### What this task involves:
Repeat exactly, and only, the lines of the entries below from the one with "grandmother and granddaughter" through the one with "Round Sweet Candies", both ends included.

[[ Records for this task open ]]

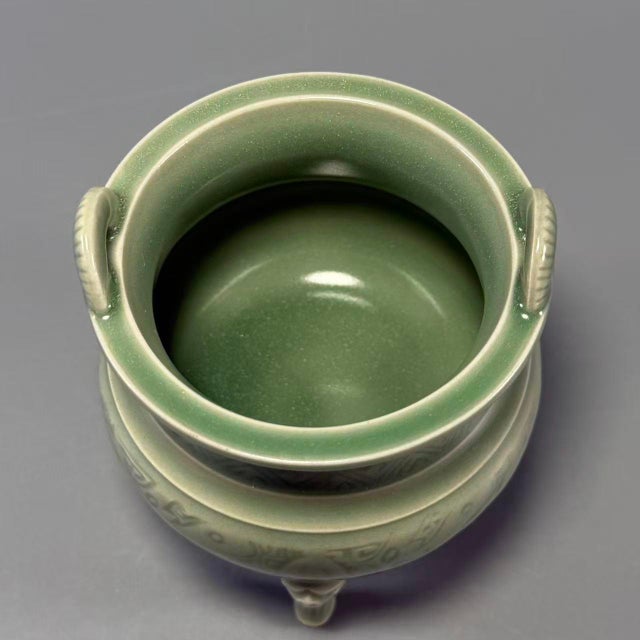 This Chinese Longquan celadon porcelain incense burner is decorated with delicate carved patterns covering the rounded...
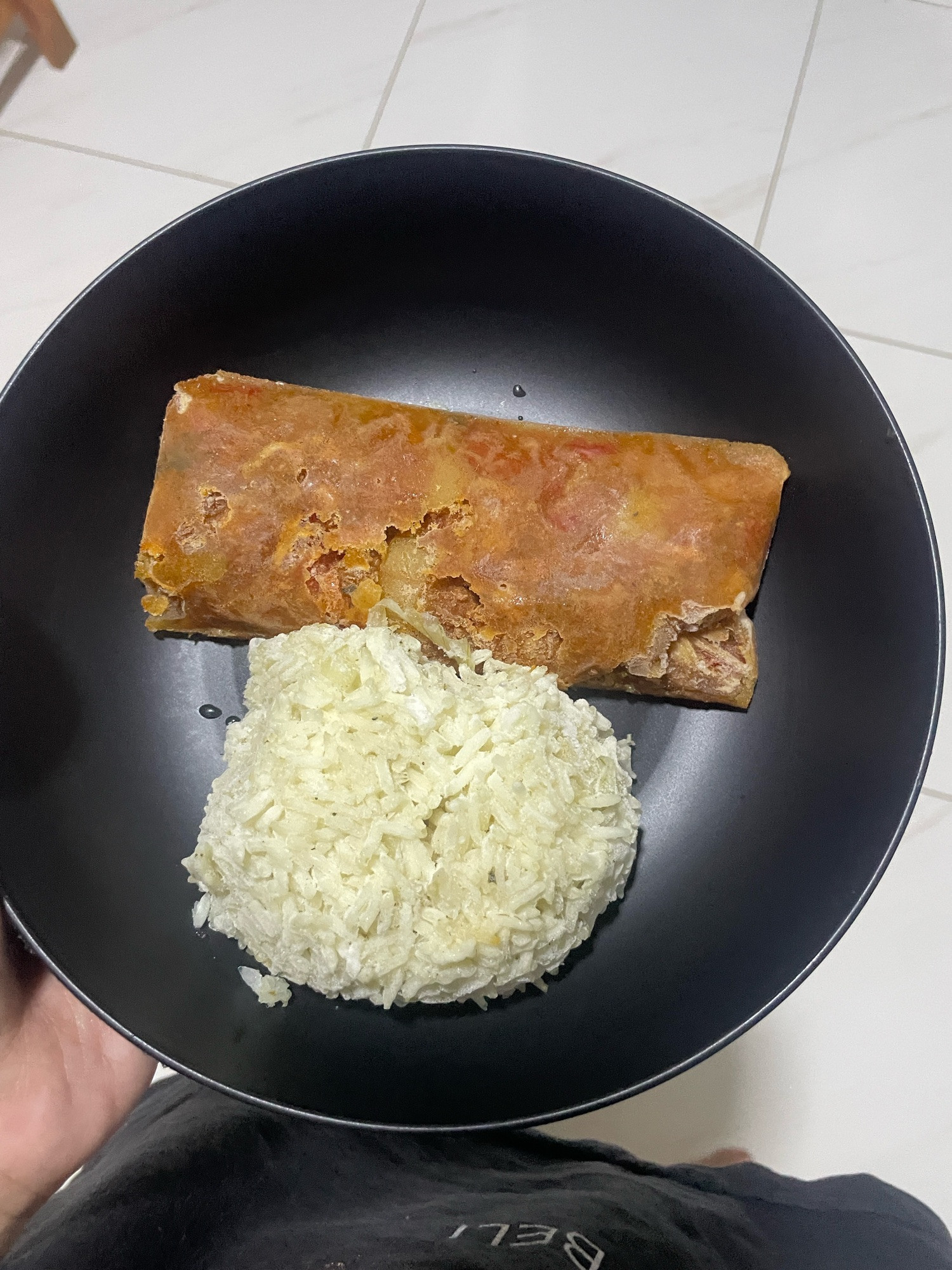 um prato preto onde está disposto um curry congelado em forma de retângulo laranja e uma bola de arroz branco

[[ Records for this task closed ]]
[[ Records for this task open ]]

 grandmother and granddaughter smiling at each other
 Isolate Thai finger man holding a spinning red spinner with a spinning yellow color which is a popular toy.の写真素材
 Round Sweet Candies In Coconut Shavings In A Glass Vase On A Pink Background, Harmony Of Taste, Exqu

[[ Records for this task closed ]]
[[ Records for this task open ]]

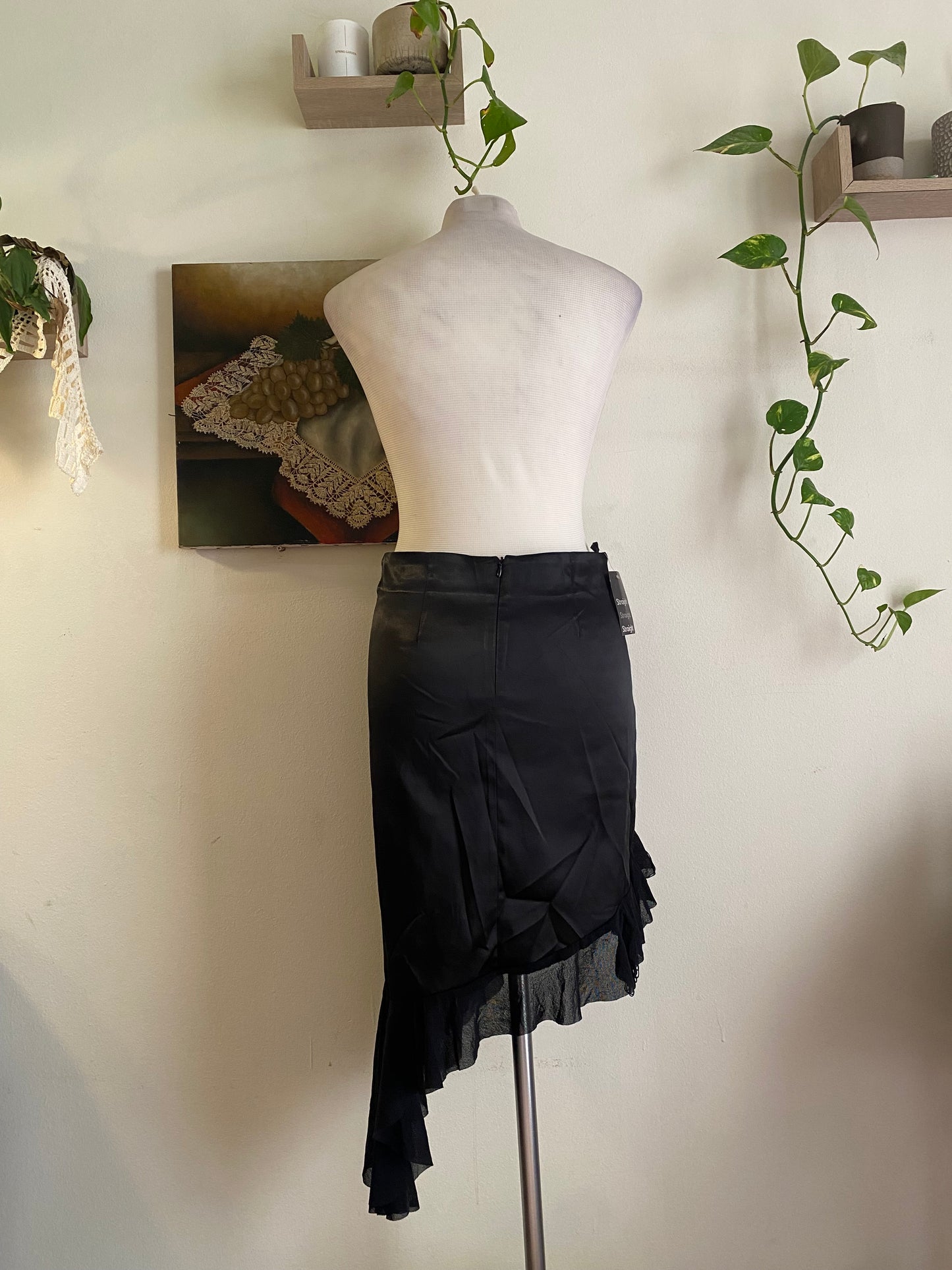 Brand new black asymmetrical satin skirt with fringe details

[[ Records for this task closed ]]

### Result of this exercise:
 grandmother and granddaughter smiling at each other
 Isolate Thai finger man holding a spinning red spinner with a spinning yellow color which is a popular toy.の写真素材
 Round Sweet Candies In Coconut Shavings In A Glass Vase On A Pink Background, Harmony Of Taste, Exqu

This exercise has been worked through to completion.